● WORK INSTRUCTIONS
Reproduce only what lies between the first line of the material below and the line containing "Topological data analysis", with both of those lines included and every line kept exact.

● DATA
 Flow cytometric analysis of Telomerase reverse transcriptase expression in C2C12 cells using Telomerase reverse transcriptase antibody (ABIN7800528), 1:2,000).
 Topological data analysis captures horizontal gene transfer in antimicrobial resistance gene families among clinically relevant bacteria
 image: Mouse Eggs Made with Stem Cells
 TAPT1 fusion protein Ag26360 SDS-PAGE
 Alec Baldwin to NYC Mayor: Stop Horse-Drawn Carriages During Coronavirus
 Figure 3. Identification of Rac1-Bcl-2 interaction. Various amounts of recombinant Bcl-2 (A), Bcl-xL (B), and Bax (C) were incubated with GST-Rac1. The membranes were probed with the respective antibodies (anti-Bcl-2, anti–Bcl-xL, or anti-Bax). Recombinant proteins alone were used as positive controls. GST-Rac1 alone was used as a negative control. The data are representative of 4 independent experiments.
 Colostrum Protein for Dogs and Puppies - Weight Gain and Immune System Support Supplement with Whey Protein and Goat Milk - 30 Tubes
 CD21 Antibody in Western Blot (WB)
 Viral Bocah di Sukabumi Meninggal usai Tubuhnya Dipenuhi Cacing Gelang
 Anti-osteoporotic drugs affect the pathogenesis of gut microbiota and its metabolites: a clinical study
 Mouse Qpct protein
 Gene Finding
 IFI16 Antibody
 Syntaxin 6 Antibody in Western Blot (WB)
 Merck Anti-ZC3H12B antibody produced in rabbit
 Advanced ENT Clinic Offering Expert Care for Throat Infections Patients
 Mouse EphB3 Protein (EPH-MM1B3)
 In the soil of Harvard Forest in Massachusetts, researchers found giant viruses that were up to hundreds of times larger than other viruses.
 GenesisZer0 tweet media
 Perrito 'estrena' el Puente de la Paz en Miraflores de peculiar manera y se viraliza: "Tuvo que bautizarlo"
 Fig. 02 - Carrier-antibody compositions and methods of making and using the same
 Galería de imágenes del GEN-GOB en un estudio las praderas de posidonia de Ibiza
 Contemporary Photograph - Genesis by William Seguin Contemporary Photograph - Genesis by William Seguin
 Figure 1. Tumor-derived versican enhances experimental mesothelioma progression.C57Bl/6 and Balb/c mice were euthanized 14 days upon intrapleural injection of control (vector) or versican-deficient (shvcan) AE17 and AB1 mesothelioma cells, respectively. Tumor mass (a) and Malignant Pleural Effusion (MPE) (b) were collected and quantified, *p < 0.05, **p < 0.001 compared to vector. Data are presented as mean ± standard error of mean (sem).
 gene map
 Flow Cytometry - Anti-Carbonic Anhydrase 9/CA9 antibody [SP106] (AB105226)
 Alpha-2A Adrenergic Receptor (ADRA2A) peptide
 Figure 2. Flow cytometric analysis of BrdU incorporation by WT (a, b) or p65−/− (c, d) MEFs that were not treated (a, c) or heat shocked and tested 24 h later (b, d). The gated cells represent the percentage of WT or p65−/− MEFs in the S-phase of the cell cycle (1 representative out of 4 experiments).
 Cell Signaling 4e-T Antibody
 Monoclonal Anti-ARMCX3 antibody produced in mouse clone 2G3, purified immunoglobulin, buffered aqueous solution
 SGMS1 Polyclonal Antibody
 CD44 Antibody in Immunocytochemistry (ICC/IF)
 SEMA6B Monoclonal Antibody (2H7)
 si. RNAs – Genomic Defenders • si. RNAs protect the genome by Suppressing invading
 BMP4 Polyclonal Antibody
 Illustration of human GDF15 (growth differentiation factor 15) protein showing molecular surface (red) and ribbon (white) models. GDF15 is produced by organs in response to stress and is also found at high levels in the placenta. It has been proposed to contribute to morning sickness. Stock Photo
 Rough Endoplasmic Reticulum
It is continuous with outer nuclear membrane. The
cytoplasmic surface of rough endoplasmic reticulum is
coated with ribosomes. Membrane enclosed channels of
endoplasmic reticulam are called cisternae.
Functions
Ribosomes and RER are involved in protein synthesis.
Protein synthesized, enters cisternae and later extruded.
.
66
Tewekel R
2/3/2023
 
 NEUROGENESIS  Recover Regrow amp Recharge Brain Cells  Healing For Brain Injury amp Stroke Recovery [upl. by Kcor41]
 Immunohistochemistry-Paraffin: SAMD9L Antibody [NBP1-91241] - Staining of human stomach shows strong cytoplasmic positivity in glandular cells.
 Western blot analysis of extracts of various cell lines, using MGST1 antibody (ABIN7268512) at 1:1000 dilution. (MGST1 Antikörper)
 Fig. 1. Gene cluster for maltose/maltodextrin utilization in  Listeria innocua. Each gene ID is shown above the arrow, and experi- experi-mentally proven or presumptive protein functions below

● RESULT OF THIS TASK
 Flow cytometric analysis of Telomerase reverse transcriptase expression in C2C12 cells using Telomerase reverse transcriptase antibody (ABIN7800528), 1:2,000).
 Topological data analysis captures horizontal gene transfer in antimicrobial resistance gene families among clinically relevant bacteria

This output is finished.